Посему Эдмондо, в его представлении, действовал во славу Богородицы: разве Сладчайшая не была оскорблена уже одним тем, что противятся осуществлению возносимых к Ней молитв – Ее, Царицу Небесную хотят представить бессильною и низложенною, точно по Лютерову наущению. И выходило, что это ради торжества Всеблагой он мысленным взором приподнимал покровы над сокровеннейшими прелестями Констанции – но только приподнимал: коленка не оставалась совсем без чулочка, грудь – округлостью и крепостью поспорившая бы с сарацинским шлемом – лишь слегка выбилась из-под корсажа, над золотистою опушкой непременно заносился край оборочки с каймою. И одновременно с этим, и тоже к радости Приснодевы, его рука точила затупившийся кинжал; но коль скоро точила не таясь, в виду сердечка, которому он предназначался, Эдмондо вдруг ощутил… до чего благостна исповедь, и сладостна, а тайное делать явным во исполнение обетованного и сказанного нам есть сугубое благо, острейшее блаженство.

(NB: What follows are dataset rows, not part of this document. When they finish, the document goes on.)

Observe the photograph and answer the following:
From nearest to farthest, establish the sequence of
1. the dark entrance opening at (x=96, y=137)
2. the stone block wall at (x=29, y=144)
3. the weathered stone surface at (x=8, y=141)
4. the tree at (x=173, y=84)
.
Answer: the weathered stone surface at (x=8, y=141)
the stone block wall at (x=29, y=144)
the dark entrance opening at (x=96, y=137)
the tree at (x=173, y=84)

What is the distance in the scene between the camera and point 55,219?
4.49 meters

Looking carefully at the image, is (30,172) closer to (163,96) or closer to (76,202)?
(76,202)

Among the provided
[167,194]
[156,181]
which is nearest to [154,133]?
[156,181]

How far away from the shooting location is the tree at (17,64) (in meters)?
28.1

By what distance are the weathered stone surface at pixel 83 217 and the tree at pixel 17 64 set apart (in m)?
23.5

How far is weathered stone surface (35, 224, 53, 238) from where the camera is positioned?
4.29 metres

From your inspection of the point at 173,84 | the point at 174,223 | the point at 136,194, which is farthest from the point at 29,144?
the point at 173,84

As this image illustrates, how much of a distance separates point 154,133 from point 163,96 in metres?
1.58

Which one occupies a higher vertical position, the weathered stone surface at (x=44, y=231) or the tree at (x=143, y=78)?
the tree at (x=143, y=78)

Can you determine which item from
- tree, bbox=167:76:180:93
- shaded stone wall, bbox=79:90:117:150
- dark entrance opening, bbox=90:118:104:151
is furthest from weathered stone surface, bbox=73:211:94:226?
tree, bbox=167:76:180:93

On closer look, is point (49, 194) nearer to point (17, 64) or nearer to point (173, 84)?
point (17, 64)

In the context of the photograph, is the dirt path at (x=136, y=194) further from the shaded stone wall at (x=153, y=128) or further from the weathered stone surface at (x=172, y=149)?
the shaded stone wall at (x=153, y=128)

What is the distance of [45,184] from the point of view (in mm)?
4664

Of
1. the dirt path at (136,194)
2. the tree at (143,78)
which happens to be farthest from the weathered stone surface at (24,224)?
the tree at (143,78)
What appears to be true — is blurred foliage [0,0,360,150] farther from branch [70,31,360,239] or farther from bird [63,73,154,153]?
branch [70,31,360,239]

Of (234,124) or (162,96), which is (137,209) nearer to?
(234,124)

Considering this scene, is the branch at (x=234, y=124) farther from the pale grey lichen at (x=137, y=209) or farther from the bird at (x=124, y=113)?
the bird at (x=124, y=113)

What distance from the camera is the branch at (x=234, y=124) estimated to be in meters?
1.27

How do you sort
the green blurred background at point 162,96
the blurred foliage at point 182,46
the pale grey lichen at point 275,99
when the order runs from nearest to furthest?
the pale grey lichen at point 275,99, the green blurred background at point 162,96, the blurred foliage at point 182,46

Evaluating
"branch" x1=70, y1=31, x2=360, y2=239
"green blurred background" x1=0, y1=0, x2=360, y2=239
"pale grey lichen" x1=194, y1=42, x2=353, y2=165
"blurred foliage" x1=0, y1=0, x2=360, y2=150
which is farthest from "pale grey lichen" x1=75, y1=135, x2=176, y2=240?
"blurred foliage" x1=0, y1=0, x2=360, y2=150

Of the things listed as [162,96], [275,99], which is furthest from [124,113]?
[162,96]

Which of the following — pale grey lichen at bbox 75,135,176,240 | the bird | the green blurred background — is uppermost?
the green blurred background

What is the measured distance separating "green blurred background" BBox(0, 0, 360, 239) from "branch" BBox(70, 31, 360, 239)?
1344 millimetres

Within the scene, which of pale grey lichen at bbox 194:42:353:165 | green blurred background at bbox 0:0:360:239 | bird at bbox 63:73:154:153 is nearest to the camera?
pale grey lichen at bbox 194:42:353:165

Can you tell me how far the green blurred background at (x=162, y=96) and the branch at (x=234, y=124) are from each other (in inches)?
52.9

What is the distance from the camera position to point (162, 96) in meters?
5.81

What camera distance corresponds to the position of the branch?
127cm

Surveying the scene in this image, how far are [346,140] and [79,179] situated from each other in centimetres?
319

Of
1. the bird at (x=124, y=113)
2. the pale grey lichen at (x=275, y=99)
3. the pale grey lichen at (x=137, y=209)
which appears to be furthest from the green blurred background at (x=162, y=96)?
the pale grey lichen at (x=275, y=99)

Но что же Констанция? Видя, как, вопреки святому кресту, к дьяволу возвращается схлынувшая было сила, она повела дело так, чтобы враг рода человеческого сам же и угодил в ту яму, которую рыл другим. Непорочная отлично разбиралась в людских пороках (Сладчайшая…), коль надоумила Констанцию и многих-многих других, и среди них мисс Герти Макдауэлл, которую взгляд непременно различит в этой куче голых девственниц, сгрудившихся у тесных врат и твердо знавших одно: если мужчина когда-нибудь посмеет коснуться женщины иначе нежели с добротой и лаской, он достоин звания самого низкого негодяя, – так вот, надоумила, одним словом, и Констанцию, и мисс Герти, и мисс Пигги, и Имя Им Легион исподволь под дирижерскую палочку беса начать раскачиваться, прямо вместе с крестом, в такт чьим-то настырным потугам, все энергичней, запрокидывая голову и откидываясь всем телом, как на качелях… как на них… с сиамскими близнецами подтянутых кверху колен и оттянутых книзу носков. И с мыслью: как хорошо, она смазывает ноги аж выше колен (ибо так высоко подлетал крест, что можно было разглядеть аж досюдова), Эдмондо – пффф… – кончил свою исповедь.

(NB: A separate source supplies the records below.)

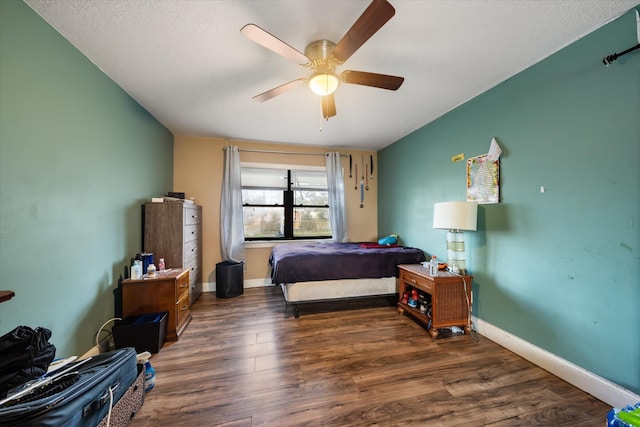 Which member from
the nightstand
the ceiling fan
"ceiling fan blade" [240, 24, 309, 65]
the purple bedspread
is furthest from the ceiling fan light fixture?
the nightstand

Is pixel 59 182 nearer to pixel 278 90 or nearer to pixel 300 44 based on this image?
pixel 278 90

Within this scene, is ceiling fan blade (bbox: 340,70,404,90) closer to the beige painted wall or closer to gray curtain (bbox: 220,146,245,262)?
the beige painted wall

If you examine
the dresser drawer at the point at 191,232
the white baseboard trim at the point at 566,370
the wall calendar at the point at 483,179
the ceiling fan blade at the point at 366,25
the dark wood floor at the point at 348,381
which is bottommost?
the dark wood floor at the point at 348,381

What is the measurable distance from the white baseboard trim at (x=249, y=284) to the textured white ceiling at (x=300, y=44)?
8.46 feet

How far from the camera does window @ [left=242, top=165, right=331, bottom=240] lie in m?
3.97

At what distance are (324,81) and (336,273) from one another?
2037 millimetres

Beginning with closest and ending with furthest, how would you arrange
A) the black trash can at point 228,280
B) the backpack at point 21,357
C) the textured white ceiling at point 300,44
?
the backpack at point 21,357
the textured white ceiling at point 300,44
the black trash can at point 228,280

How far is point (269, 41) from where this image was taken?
4.52 feet

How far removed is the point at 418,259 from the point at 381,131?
1.94 m

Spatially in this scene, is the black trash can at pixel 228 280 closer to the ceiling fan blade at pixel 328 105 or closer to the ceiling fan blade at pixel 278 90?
the ceiling fan blade at pixel 278 90

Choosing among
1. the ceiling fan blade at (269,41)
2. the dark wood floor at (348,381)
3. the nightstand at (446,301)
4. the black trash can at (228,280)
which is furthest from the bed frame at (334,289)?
the ceiling fan blade at (269,41)

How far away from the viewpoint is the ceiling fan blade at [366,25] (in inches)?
44.1

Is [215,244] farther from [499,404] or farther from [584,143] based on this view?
[584,143]

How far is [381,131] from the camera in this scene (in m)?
3.41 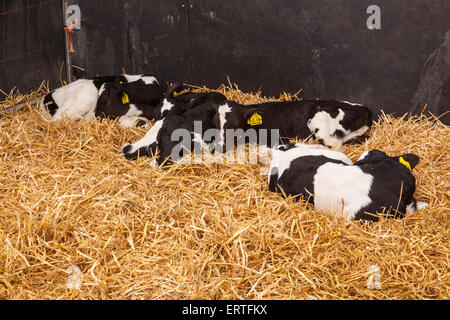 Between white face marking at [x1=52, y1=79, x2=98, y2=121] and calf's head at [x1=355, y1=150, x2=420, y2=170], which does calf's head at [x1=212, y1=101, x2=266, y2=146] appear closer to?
calf's head at [x1=355, y1=150, x2=420, y2=170]

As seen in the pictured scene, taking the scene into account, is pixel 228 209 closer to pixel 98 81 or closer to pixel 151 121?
pixel 151 121

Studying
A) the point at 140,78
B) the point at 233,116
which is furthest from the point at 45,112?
the point at 233,116

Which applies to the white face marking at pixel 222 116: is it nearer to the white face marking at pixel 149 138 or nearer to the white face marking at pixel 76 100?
the white face marking at pixel 149 138

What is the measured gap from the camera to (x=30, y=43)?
6387 millimetres

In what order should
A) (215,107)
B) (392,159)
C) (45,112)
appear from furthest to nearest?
(45,112), (215,107), (392,159)

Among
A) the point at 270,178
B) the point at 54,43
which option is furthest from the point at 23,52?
the point at 270,178

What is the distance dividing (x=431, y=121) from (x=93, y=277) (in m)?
3.94

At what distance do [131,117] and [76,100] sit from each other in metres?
0.72

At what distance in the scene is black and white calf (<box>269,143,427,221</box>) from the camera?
3.69m

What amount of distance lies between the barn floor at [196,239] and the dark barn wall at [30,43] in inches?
80.5

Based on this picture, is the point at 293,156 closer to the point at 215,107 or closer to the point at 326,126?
the point at 326,126

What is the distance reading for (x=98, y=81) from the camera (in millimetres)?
6375

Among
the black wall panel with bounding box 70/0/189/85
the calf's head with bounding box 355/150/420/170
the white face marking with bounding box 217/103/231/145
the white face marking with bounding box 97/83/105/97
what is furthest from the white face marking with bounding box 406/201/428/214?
the white face marking with bounding box 97/83/105/97

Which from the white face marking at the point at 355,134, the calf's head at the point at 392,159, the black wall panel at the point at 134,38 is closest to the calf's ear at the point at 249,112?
the white face marking at the point at 355,134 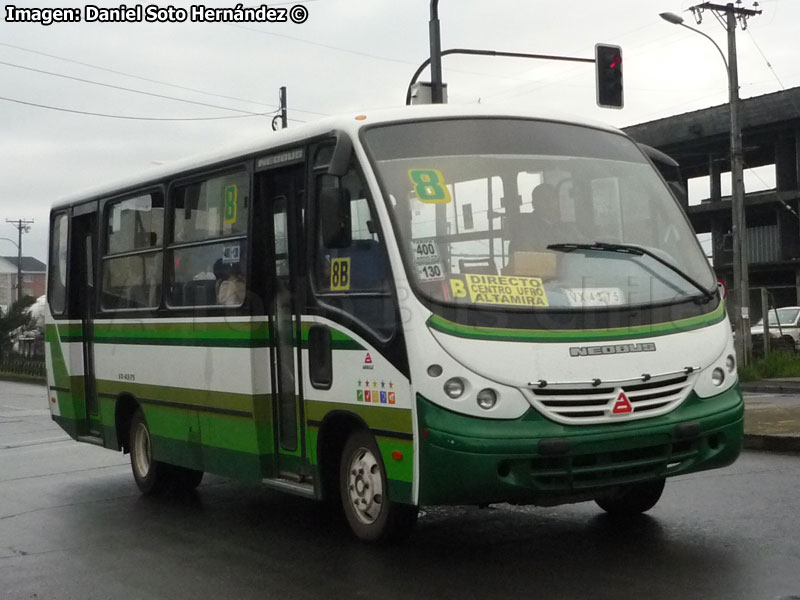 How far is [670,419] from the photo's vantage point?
7117 millimetres

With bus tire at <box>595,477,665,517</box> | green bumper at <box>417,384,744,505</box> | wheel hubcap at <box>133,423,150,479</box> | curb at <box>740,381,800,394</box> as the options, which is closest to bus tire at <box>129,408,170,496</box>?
wheel hubcap at <box>133,423,150,479</box>

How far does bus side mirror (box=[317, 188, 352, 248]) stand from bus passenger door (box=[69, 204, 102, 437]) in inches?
198

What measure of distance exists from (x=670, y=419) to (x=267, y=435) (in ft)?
9.78

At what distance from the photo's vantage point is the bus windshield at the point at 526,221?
7191mm

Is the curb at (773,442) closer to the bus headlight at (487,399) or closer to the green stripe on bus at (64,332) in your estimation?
the bus headlight at (487,399)

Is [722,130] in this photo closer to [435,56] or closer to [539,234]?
[435,56]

Ты, Констансика, чурка младая,
Ножкой дивной взмахни еще раз,
Так высоко, чтоб все увидал я
И от счастия впал бы в экстаз… —
пелось ночью под этим окном.
Так свечка, поставленная Эдмондо в Часовне Богоматери, превратилась в римскую свечу Леопольда Блюма – Мария Масличная оказалась посильней Св. Марии Часовни.
Схватив башмачки и верхнюю юбку, которую повесила на руку, Констанция со смехом убежала в одних только «красных лапках». Эдмондо стоит, как на театре – со своим жалким жребием, сейчас дадут занавес.
Алонсо еще не доел взятые в буфете биточки с макаронами, когда согбенной тенью мимо него пробрел Эдмондо. От Алонсо не требовалось большой проницательности, чтобы понять: не проколол. Тем не менее он окликнул друга:
– Ну что, прокол?
– А ну тебя к…
И, перекинув полу плаща через плечо, Эдмондо удалился. Алонсо задумался.
Можно ли задушить стеклянного человека?
«That was a beautiful creature, – said the old man at last, raising his head, and looking steadily and firmly at Quentin, when he put the question. – A lovely girl to be the servant of an auberge? – she might grace the board of an honest burgess; but ’tis a vile education, a base origin».
Старинная английская пьеса
Новость, что Видриера найден мертвым невдалеке от постоялого двора Севильянца, была подобна искре, Толедо же был подобен рождественской гирлянде, на которую она упала. Мигом известие об этом распространилось по всему городу.
Отец, двенадцать часов кряду преследовавший с товарищами одного скупщика краденого, возвращался домой, когда дозорный их отряда сделал знак остановиться.
– Что это?!
Лежавший на земле человек не подавал никаких признаков жизни.
– Э-э, да это лиценциат Видриера, – сказал отец. – Кому суждено быть задушенным, тот не разобьется.
Горло Видриеры, который пуще всего на свете боялся кончить свои дни грудой осколков, стягивала веревка. По всему судя, он принял смерть в великих страданиях.
В ту же минуту, по словам отца, у Севильянца поднялся такой вой и такой крик, будто на кухне там кого-то живьем поджаривали. Позабыв о мертвом, все двенадцать бросились на выручку живым. Навстречу им из гостиницы выбежал человек в ночной рубахе, раздувшейся как парус от наполнявших ее ветров. Колпак съехал ему на затылок. Рот зиял в пол-лица – окрестность оглашалась звуками, скорей уместными в Ноевом ковчеге. А надо сказать, было далеко за полночь, время, когда человек лучше видит на миллионы километров ввысь, нежели у себя под ногами (отчего стражника с философской жилкой никогда бы не поставили в отряде дозорным).
– Вы чего разорались, как святой Лаврентий?
– А как вашего бы Педрильо да начал кто-то веревкой душить, вы бы не разорались?
– Он прав, – сказал отец (в сторону). – Я был бы при этом как лев рыкающий…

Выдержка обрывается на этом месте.